DATASET CONTENT below:

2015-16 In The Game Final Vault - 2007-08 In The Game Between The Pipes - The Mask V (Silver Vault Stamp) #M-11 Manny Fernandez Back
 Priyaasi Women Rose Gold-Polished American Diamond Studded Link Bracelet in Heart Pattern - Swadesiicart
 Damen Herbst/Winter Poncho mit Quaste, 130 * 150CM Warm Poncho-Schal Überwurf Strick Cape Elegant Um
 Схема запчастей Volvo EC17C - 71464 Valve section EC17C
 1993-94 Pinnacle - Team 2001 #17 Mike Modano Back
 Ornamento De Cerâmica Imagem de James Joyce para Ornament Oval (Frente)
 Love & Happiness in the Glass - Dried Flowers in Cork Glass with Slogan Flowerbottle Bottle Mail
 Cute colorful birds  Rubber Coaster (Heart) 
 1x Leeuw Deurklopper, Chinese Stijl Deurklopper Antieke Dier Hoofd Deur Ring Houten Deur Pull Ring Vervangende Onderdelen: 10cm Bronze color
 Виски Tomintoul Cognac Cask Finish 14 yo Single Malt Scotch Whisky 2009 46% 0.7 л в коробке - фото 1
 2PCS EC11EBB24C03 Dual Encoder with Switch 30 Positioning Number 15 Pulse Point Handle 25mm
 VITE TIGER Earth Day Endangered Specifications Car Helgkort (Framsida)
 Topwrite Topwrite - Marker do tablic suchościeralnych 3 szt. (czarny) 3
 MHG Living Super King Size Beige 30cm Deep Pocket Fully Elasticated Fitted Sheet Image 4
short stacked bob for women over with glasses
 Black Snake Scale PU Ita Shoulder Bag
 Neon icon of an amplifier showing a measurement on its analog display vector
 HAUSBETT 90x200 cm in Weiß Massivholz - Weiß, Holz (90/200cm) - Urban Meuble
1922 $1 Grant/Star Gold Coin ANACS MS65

End of DATASET CONTENT.

*AIM OF THE TASK:* Look through the entries above. Copy out every line holding the word "Back".

*SOLUTION FOR THIS EXERCISE:*
2015-16 In The Game Final Vault - 2007-08 In The Game Between The Pipes - The Mask V (Silver Vault Stamp) #M-11 Manny Fernandez Back
 1993-94 Pinnacle - Team 2001 #17 Mike Modano Back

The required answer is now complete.